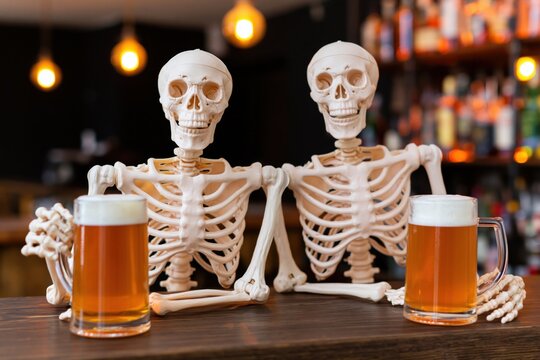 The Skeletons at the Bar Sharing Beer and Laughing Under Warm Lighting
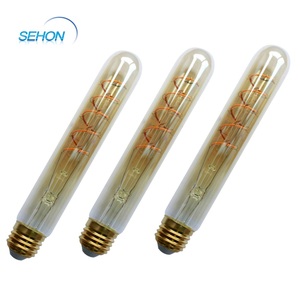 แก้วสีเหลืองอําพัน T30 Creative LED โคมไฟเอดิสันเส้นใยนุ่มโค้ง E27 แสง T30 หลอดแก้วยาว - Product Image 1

==================================================

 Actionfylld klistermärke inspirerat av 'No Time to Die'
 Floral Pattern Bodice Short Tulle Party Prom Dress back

==================================================

* TRY IT *
From the records above, return exactly the lines running from the one that contains "The Skeletons at" down to the one that contains "แก้วสีเหลืองอําพัน T30 Creative", both included, without any pictures.

* RESULT OF THIS TASK *
 The Skeletons at the Bar Sharing Beer and Laughing Under Warm Lighting
 แก้วสีเหลืองอําพัน T30 Creative LED โคมไฟเอดิสันเส้นใยนุ่มโค้ง E27 แสง T30 หลอดแก้วยาว - Product Image 1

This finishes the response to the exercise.